──────── Dataset ────────

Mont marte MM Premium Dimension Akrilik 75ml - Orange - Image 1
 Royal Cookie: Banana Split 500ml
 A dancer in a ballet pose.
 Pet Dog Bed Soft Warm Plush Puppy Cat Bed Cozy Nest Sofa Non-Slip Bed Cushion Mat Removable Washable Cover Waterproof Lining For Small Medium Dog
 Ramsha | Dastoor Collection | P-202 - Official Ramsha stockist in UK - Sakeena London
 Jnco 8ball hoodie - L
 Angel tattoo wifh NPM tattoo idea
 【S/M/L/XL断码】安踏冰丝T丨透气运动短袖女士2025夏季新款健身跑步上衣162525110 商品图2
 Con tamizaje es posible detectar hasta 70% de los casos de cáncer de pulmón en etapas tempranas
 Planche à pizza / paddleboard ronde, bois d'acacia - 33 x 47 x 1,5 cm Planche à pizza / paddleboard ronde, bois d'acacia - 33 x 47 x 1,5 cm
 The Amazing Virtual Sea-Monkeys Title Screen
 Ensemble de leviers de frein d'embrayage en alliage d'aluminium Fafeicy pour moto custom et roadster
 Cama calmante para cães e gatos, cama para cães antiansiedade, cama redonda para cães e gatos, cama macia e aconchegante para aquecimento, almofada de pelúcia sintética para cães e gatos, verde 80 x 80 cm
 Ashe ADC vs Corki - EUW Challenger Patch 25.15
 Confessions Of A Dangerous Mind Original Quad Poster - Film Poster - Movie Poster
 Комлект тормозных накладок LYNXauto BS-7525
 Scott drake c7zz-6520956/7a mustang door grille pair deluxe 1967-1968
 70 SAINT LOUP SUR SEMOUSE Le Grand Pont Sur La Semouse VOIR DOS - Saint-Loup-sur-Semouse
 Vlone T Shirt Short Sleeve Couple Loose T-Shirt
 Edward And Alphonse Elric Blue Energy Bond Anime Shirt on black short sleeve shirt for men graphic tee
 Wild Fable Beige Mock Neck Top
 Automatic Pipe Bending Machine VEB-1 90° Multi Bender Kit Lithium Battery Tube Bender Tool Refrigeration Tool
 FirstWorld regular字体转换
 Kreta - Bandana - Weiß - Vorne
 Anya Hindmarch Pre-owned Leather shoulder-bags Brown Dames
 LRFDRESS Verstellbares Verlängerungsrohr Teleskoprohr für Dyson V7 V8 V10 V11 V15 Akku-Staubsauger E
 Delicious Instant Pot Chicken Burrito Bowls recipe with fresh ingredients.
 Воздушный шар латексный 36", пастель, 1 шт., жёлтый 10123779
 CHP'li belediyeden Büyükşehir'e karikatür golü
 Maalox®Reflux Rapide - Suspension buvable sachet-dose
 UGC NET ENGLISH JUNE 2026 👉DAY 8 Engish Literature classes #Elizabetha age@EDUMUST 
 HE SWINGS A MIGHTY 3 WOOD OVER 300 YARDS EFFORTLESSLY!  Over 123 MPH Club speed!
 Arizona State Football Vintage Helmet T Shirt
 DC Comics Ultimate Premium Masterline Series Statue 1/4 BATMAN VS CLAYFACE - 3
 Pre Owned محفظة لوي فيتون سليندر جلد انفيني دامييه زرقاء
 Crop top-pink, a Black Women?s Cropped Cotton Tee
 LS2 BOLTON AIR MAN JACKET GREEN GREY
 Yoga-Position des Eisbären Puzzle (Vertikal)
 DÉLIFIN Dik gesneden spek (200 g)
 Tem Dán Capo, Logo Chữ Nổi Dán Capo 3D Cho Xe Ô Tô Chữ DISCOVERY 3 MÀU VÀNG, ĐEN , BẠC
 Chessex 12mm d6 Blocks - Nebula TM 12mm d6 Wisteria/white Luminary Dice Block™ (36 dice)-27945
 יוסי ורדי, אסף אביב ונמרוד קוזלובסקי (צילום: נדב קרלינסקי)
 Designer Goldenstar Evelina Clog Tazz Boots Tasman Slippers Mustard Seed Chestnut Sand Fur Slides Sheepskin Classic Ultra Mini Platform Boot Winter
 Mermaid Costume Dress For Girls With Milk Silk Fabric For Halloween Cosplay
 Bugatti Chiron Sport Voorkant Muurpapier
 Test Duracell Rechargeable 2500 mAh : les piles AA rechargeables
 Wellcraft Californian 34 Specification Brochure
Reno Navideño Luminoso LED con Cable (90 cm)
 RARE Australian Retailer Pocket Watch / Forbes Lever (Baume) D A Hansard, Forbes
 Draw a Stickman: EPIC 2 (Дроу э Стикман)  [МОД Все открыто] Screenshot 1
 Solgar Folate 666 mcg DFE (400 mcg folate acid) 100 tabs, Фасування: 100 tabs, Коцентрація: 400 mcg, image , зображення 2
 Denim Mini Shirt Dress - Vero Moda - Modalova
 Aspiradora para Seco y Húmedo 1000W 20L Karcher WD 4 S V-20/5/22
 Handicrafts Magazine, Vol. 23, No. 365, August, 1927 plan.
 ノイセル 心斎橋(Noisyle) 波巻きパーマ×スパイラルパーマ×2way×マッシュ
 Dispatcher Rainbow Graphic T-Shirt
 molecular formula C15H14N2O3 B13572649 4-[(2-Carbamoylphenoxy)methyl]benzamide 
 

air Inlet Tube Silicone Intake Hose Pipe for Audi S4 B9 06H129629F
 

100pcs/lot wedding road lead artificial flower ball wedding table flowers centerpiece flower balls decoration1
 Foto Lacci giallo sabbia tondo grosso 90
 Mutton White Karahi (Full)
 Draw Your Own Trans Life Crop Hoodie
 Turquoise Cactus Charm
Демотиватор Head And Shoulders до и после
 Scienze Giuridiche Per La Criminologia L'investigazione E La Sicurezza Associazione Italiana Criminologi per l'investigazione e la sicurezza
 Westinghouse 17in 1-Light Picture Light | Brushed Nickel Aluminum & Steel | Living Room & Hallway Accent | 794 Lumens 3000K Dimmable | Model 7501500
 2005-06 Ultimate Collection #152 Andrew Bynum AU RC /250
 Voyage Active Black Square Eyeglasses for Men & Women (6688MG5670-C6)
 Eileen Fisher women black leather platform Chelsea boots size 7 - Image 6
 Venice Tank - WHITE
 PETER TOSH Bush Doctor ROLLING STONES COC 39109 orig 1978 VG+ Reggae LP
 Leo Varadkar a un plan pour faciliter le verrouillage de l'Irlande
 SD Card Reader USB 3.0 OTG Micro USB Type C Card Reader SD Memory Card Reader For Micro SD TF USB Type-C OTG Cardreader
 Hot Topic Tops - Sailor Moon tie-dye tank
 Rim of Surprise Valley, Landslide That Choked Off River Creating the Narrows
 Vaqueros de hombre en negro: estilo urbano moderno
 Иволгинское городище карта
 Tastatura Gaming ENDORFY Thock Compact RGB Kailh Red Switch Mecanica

────────

Activity =
After the last line, print all the entries once again, unchanged.

Reply to the task =
Mont marte MM Premium Dimension Akrilik 75ml - Orange - Image 1
 Royal Cookie: Banana Split 500ml
 A dancer in a ballet pose.
 Pet Dog Bed Soft Warm Plush Puppy Cat Bed Cozy Nest Sofa Non-Slip Bed Cushion Mat Removable Washable Cover Waterproof Lining For Small Medium Dog
 Ramsha | Dastoor Collection | P-202 - Official Ramsha stockist in UK - Sakeena London
 Jnco 8ball hoodie - L
 Angel tattoo wifh NPM tattoo idea
 【S/M/L/XL断码】安踏冰丝T丨透气运动短袖女士2025夏季新款健身跑步上衣162525110 商品图2
 Con tamizaje es posible detectar hasta 70% de los casos de cáncer de pulmón en etapas tempranas
 Planche à pizza / paddleboard ronde, bois d'acacia - 33 x 47 x 1,5 cm Planche à pizza / paddleboard ronde, bois d'acacia - 33 x 47 x 1,5 cm
 The Amazing Virtual Sea-Monkeys Title Screen
 Ensemble de leviers de frein d'embrayage en alliage d'aluminium Fafeicy pour moto custom et roadster
 Cama calmante para cães e gatos, cama para cães antiansiedade, cama redonda para cães e gatos, cama macia e aconchegante para aquecimento, almofada de pelúcia sintética para cães e gatos, verde 80 x 80 cm
 Ashe ADC vs Corki - EUW Challenger Patch 25.15
 Confessions Of A Dangerous Mind Original Quad Poster - Film Poster - Movie Poster
 Комлект тормозных накладок LYNXauto BS-7525
 Scott drake c7zz-6520956/7a mustang door grille pair deluxe 1967-1968
 70 SAINT LOUP SUR SEMOUSE Le Grand Pont Sur La Semouse VOIR DOS - Saint-Loup-sur-Semouse
 Vlone T Shirt Short Sleeve Couple Loose T-Shirt
 Edward And Alphonse Elric Blue Energy Bond Anime Shirt on black short sleeve shirt for men graphic tee
 Wild Fable Beige Mock Neck Top
 Automatic Pipe Bending Machine VEB-1 90° Multi Bender Kit Lithium Battery Tube Bender Tool Refrigeration Tool
 FirstWorld regular字体转换
 Kreta - Bandana - Weiß - Vorne
 Anya Hindmarch Pre-owned Leather shoulder-bags Brown Dames
 LRFDRESS Verstellbares Verlängerungsrohr Teleskoprohr für Dyson V7 V8 V10 V11 V15 Akku-Staubsauger E
 Delicious Instant Pot Chicken Burrito Bowls recipe with fresh ingredients.
 Воздушный шар латексный 36", пастель, 1 шт., жёлтый 10123779
 CHP'li belediyeden Büyükşehir'e karikatür golü
 Maalox®Reflux Rapide - Suspension buvable sachet-dose
 UGC NET ENGLISH JUNE 2026 👉DAY 8 Engish Literature classes #Elizabetha age@EDUMUST 
 HE SWINGS A MIGHTY 3 WOOD OVER 300 YARDS EFFORTLESSLY!  Over 123 MPH Club speed!
 Arizona State Football Vintage Helmet T Shirt
 DC Comics Ultimate Premium Masterline Series Statue 1/4 BATMAN VS CLAYFACE - 3
 Pre Owned محفظة لوي فيتون سليندر جلد انفيني دامييه زرقاء
 Crop top-pink, a Black Women?s Cropped Cotton Tee
 LS2 BOLTON AIR MAN JACKET GREEN GREY
 Yoga-Position des Eisbären Puzzle (Vertikal)
 DÉLIFIN Dik gesneden spek (200 g)
 Tem Dán Capo, Logo Chữ Nổi Dán Capo 3D Cho Xe Ô Tô Chữ DISCOVERY 3 MÀU VÀNG, ĐEN , BẠC
 Chessex 12mm d6 Blocks - Nebula TM 12mm d6 Wisteria/white Luminary Dice Block™ (36 dice)-27945
 יוסי ורדי, אסף אביב ונמרוד קוזלובסקי (צילום: נדב קרלינסקי)
 Designer Goldenstar Evelina Clog Tazz Boots Tasman Slippers Mustard Seed Chestnut Sand Fur Slides Sheepskin Classic Ultra Mini Platform Boot Winter
 Mermaid Costume Dress For Girls With Milk Silk Fabric For Halloween Cosplay
 Bugatti Chiron Sport Voorkant Muurpapier
 Test Duracell Rechargeable 2500 mAh : les piles AA rechargeables
 Wellcraft Californian 34 Specification Brochure
Reno Navideño Luminoso LED con Cable (90 cm)
 RARE Australian Retailer Pocket Watch / Forbes Lever (Baume) D A Hansard, Forbes
 Draw a Stickman: EPIC 2 (Дроу э Стикман)  [МОД Все открыто] Screenshot 1
 Solgar Folate 666 mcg DFE (400 mcg folate acid) 100 tabs, Фасування: 100 tabs, Коцентрація: 400 mcg, image , зображення 2
 Denim Mini Shirt Dress - Vero Moda - Modalova
 Aspiradora para Seco y Húmedo 1000W 20L Karcher WD 4 S V-20/5/22
 Handicrafts Magazine, Vol. 23, No. 365, August, 1927 plan.
 ノイセル 心斎橋(Noisyle) 波巻きパーマ×スパイラルパーマ×2way×マッシュ
 Dispatcher Rainbow Graphic T-Shirt
 molecular formula C15H14N2O3 B13572649 4-[(2-Carbamoylphenoxy)methyl]benzamide 
 

air Inlet Tube Silicone Intake Hose Pipe for Audi S4 B9 06H129629F
 

100pcs/lot wedding road lead artificial flower ball wedding table flowers centerpiece flower balls decoration1
 Foto Lacci giallo sabbia tondo grosso 90
 Mutton White Karahi (Full)
 Draw Your Own Trans Life Crop Hoodie
 Turquoise Cactus Charm
Демотиватор Head And Shoulders до и после
 Scienze Giuridiche Per La Criminologia L'investigazione E La Sicurezza Associazione Italiana Criminologi per l'investigazione e la sicurezza
 Westinghouse 17in 1-Light Picture Light | Brushed Nickel Aluminum & Steel | Living Room & Hallway Accent | 794 Lumens 3000K Dimmable | Model 7501500
 2005-06 Ultimate Collection #152 Andrew Bynum AU RC /250
 Voyage Active Black Square Eyeglasses for Men & Women (6688MG5670-C6)
 Eileen Fisher women black leather platform Chelsea boots size 7 - Image 6
 Venice Tank - WHITE
 PETER TOSH Bush Doctor ROLLING STONES COC 39109 orig 1978 VG+ Reggae LP
 Leo Varadkar a un plan pour faciliter le verrouillage de l'Irlande
 SD Card Reader USB 3.0 OTG Micro USB Type C Card Reader SD Memory Card Reader For Micro SD TF USB Type-C OTG Cardreader
 Hot Topic Tops - Sailor Moon tie-dye tank
 Rim of Surprise Valley, Landslide That Choked Off River Creating the Narrows
 Vaqueros de hombre en negro: estilo urbano moderno
 Иволгинское городище карта
 Tastatura Gaming ENDORFY Thock Compact RGB Kailh Red Switch Mecanica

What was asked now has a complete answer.